Subject: RE: [PATCH] nfs: fix inifinite loop at nfs4_layoutcommit_release
From: Trond Myklebust <Trond.Myklebust@netapp.com>
To: tao.peng@emc.com
Cc: gusev.vitaliy@nexenta.com, gusev.vitaliy@gmail.com,
        linux-nfs@vger.kernel.org, bergwolf@gmail.com
Date: Fri, 09 Sep 2011 14:20:30 -0400
In-Reply-To: <F19688880B763E40B28B2B462677FBF805C3299D2F@MX09A.corp.emc.com>
References: <1314512558-16912-1-git-send-email-gusev.vitaliy@nexenta.com>
	 <1315337382.16274.7.camel@lade.trondhjem.org> <4E669B21.30006@nexenta.com>
	 <1315348373.19556.22.camel@lade.trondhjem.org>
	 <F19688880B763E40B28B2B462677FBF805C3299CA3@MX09A.corp.emc.com>
	 <2E1EB2CF9ED1CB4AA966F0EB76EAB4430B0ED3DF@SACMVEXC2-PRD.hq.netapp.com>
	 <CA+a=Yy71JNEgG4q0e69BWEjxqh71CTcfise6KKTyYkXGUM68Tw@mail.gmail.com>
	 <2E1EB2CF9ED1CB4AA966F0EB76EAB4430B0ED4C8@SACMVEXC2-PRD.hq.netapp.com>
	 <F19688880B763E40B28B2B462677FBF805C3299D2F@MX09A.corp.emc.com>
Content-Type: text/plain; charset="UTF-8"
Message-ID: <1315592430.17611.15.camel@lade.trondhjem.org>
Sender: linux-nfs-owner@vger.kernel.org
MIME-Version: 1.0

On Thu, 2011-09-08 at 23:11 -0400, tao.peng@emc.com wrote: 
> HI, Trond,
> 
> > -----Original Message-----
> > From: Myklebust, Trond [mailto:Trond.Myklebust@netapp.com]
> > Sent: Friday, September 09, 2011 1:05 AM
> > To: Peng Tao
> > Cc: Peng, Tao; gusev.vitaliy@nexenta.com; gusev.vitaliy@gmail.com;
> > linux-nfs@vger.kernel.org
> > Subject: RE: [PATCH] nfs: fix inifinite loop at nfs4_layoutcommit_release
> > 
> > > -----Original Message-----
> > > From: Peng Tao [mailto:bergwolf@gmail.com]
> > > Sent: Thursday, September 08, 2011 11:00 AM
> > > To: Myklebust, Trond
> > > Cc: tao.peng@emc.com; gusev.vitaliy@nexenta.com;
> > > gusev.vitaliy@gmail.com; linux-nfs@vger.kernel.org
> > > Subject: Re: [PATCH] nfs: fix inifinite loop at
> > > nfs4_layoutcommit_release
> > >
> > > On Thu, Sep 8, 2011 at 8:01 PM, Myklebust, Trond
> > > <Trond.Myklebust@netapp.com> wrote:
> > > >> -----Original Message-----
> > >
> > > >
> > > > Yes, but as far as I can see, even in the blocks case there can be
> > > multiple extents per layout segment.

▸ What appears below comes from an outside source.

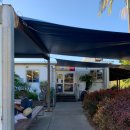 씨월드 피시 이미지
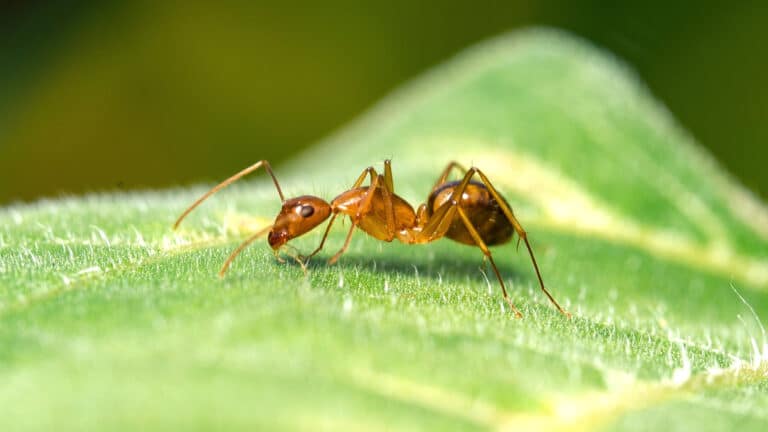 Hormiga sobre una hoja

What if I write to one
> > > uninitialised extent, layoutcommit, then write to another uninitialized
> > > extent in the same layout segment and layoutcommit? In my reading of
> > > the code, there is a chance that the second layoutcommit will fail to
> > > pick up the layout segment, and so will fail to notify the MDS that the
> > > second extent now contains data.
> > >
> > > blocklayout does not decide what to layoutcommit according to the lseg
> > > list. Instead, it keeps track of each extent's state at the
> > > granularity of blocksize, and encode whatever needs layoutcommitted in
> > > the layoutcommit call. So in your above case, as long as the second
> > > layoutcommit is issued, blocklayout will encode the newly written
> > > extent in the second layoutcommit call, even if the lseg is not
> > > attached to the second layoutcommit.
> > >
> > > But that leads to another two question:
> > > 1. How do we protect against layoutrecall if lseg is not linked to
> > > layoutcommit? For this one, can we just reject layoutrecall if there
> > > is inflight layoutcommit? It will be less parallel but can guarantee
> > > current implementation correctness.
> > > 2. blocklayout ONLY: bl_committing may be overloaded by several
> > > layoutcommit calls and we don't have information in
> > > cleanup_layoutcommit() on how many entry should be removed from
> > > bl_committing. Maybe we can add a (void*) to struct
> > > nfs4_layoutcommit_data, so that LD can pass some private information
> > > between encode_layoutcommit() and cleanup_layoutcommit()?
> > 
> > 3. What is the purpose of pinning the layout segment at all if neither blocks, nor
> > objects nor files cares?
> I believe it is for protecting against layoutrecall. But since we are seperating lseg and LD specific layout information management, it is actually not working as expected.
> 
> > IOW: if both objects and blocks track the information that they need for
> > layoutcommit outside the layout segments, then why do we need the
> > NFS_LSEG_LAYOUTCOMMIT bit and pls_lc_list at all?
> If we remove NFS_LSEG_LAYOUTCOMMIT bit and pls_lc_list, we must find other method to protect agains freeing lseg while layoutcommit is needed or is going on. e.g., check for NFS_INO_LAYOUTCOMMIT bit and inflight layoutcommit in initiate_file_draining().

The easiest solution is to ensure we have only _one_ LAYOUTCOMMIT on the
wire at a time. Otherwise, you are looking at a many-to-many mapping
between layoutcommits and lsegs.

We should not expect to need multiple layoutcommits on the wire if pNFS
is working smoothly (i.e. no layout recalls), so optimising for that
case is wrong.
I'd also think that we want to order layoutcommit and ordinary commits
(for those NFS files servers that require both) so that we don't end up
writing a file size change to disk before the actual data is committed.

So why not just protect the layoutcommit call using the existing
nfs_commit_set_lock/nfs_commit_clear_lock?

-- 
Trond Myklebust
Linux NFS client maintainer

NetApp
Trond.Myklebust@netapp.com
www.netapp.com